Where the data below begins, start retyping exactly, and end on the line with "Kitchen or kitchenette, microwave, oven, stove", which is included; no picture goes in.
== Segment start ==
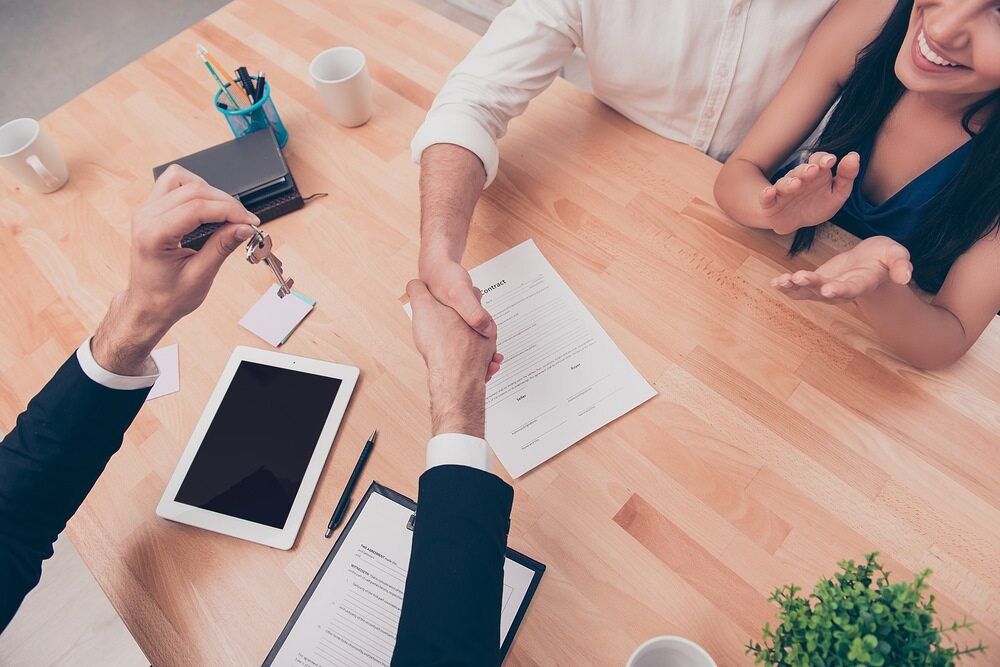 A Man is Shaking Hands With a Woman While Sitting at a Table — Key2 Conveyancing In Forster, NSW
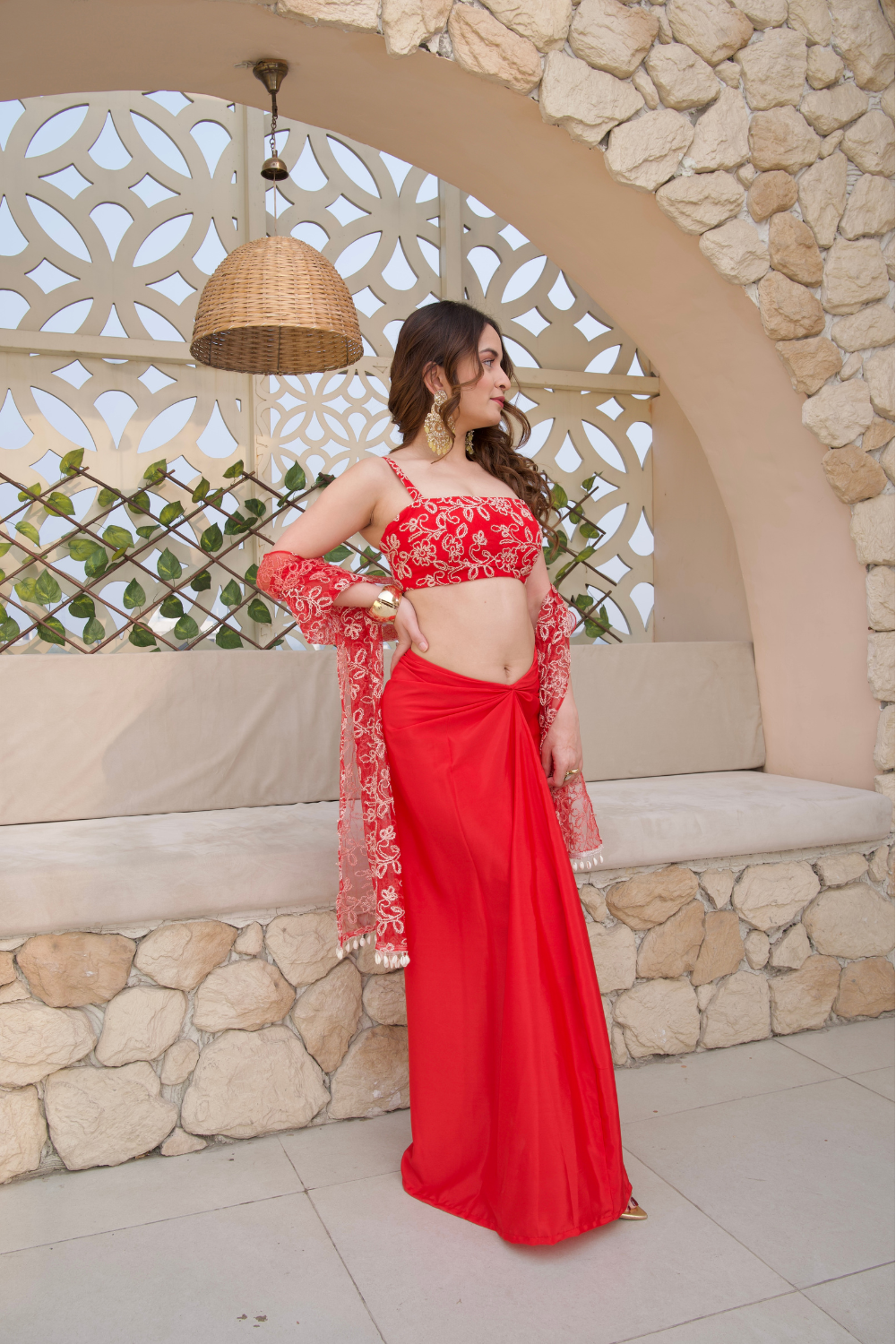 Sara red crop top and skirt set by Imagine By Shiwali, featuring a stylish coordinated outfit with a fitted crop top and matching skirt.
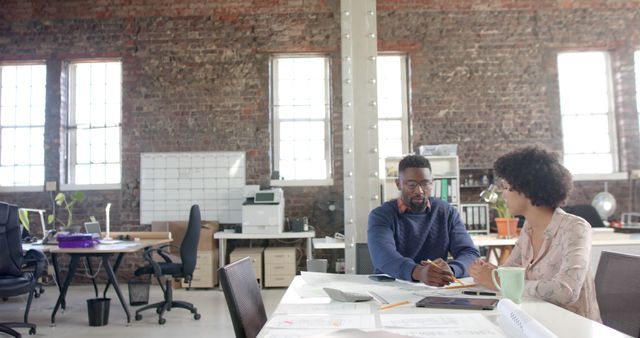 Coworkers Collaborating in Modern Industrial Office - Download Free Stock Images Pikwizard.com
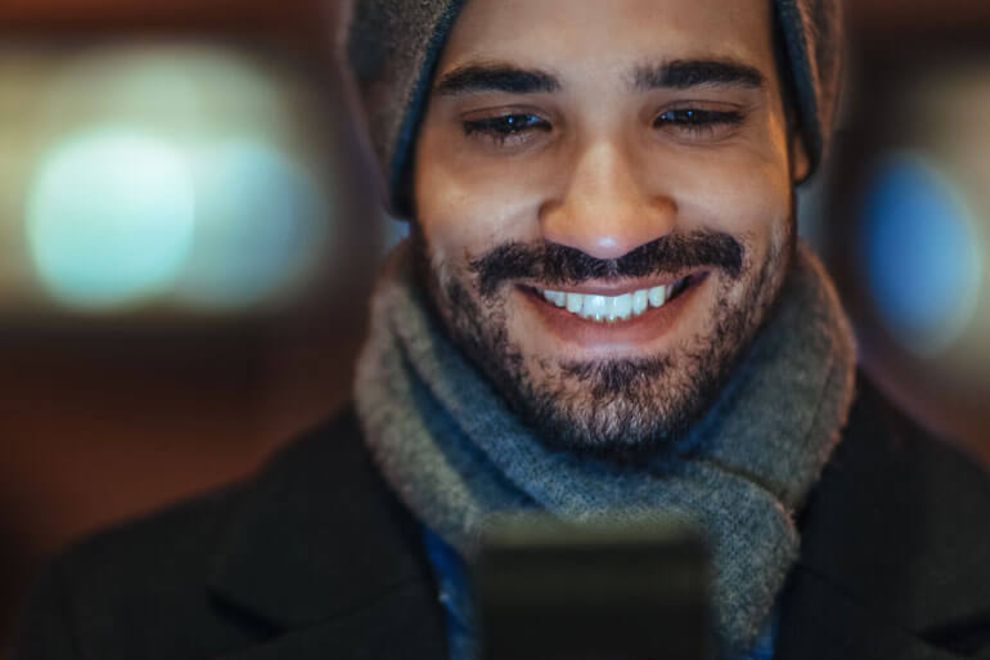 Young man in winter attire uses a smartphone.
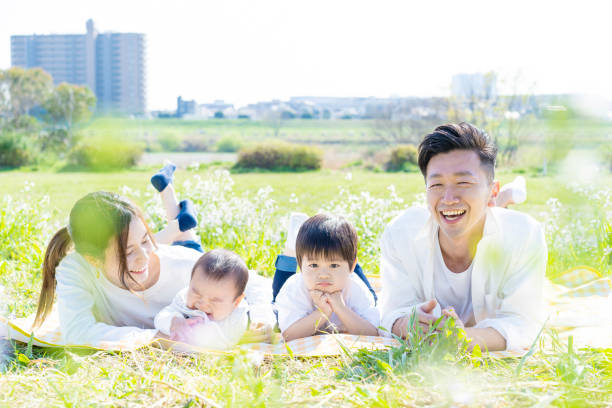 istock Family lying side by side in the green space 1309937543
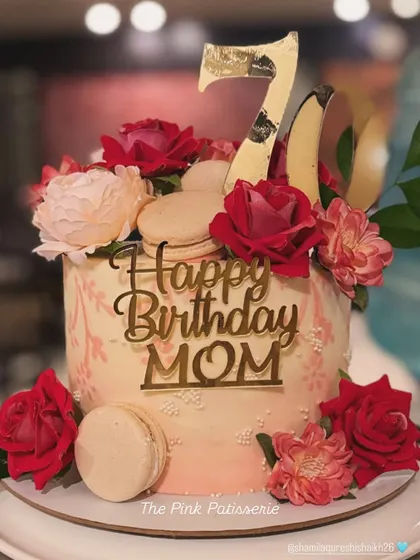 A heartfelt 70th birthday cake for a mom. This pretty pink cake is adorned with fresh red and pink roses, macarons, and a gold acrylic "Happy Birthday Mom" topper.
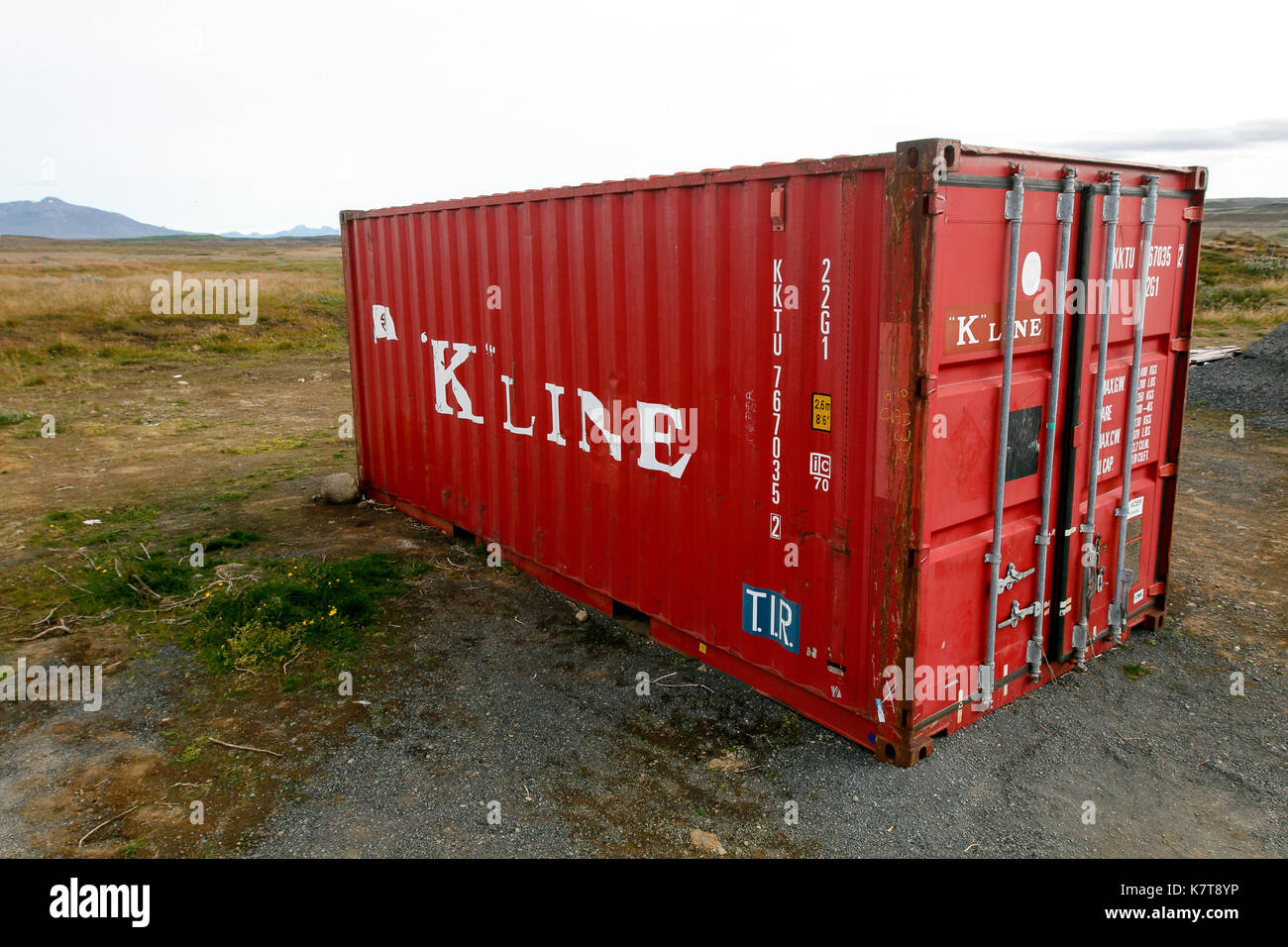 'K' line red container is left in the middle of nowhere. Stock Photo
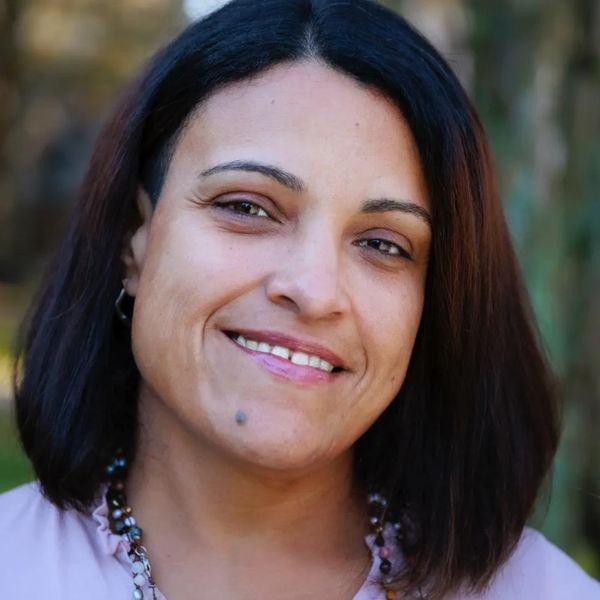 Smiling woman with dark hair and a beaded necklace outdoors.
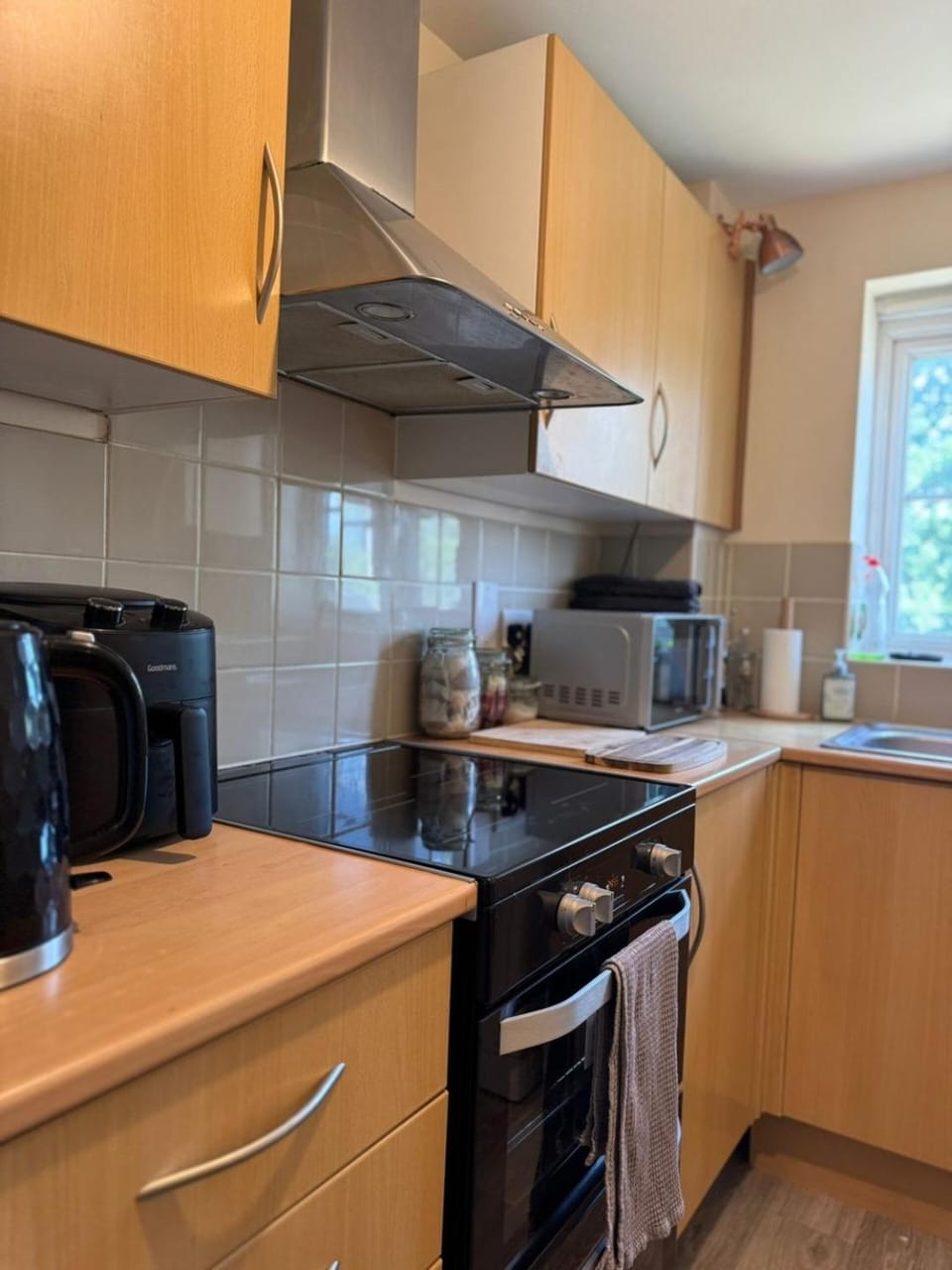 Kitchen or kitchenette, microwave, oven, stove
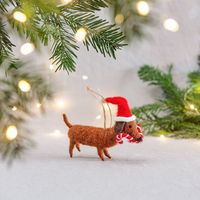 Niedlicher, handgearbeiteter Deko-Anhänger von Sass & Belle in Dackel-Form. Der braune Filz-Hund trägt eine rote Weihnachtsmütze und hält eine Zuckerstange im Maul. Der kuschelige Anhänger ist 10×14 cm groß und wird von einer Juteschnur gehalten - in Szene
== Segment end ==
= Exercise output =
 A Man is Shaking Hands With a Woman While Sitting at a Table — Key2 Conveyancing In Forster, NSW
 Sara red crop top and skirt set by Imagine By Shiwali, featuring a stylish coordinated outfit with a fitted crop top and matching skirt.
 Coworkers Collaborating in Modern Industrial Office - Download Free Stock Images Pikwizard.com
 Young man in winter attire uses a smartphone.
 istock Family lying side by side in the green space 1309937543
 A heartfelt 70th birthday cake for a mom. This pretty pink cake is adorned with fresh red and pink roses, macarons, and a gold acrylic "Happy Birthday Mom" topper.
 'K' line red container is left in the middle of nowhere. Stock Photo
 Smiling woman with dark hair and a beaded necklace outdoors.
 Kitchen or kitchenette, microwave, oven, stove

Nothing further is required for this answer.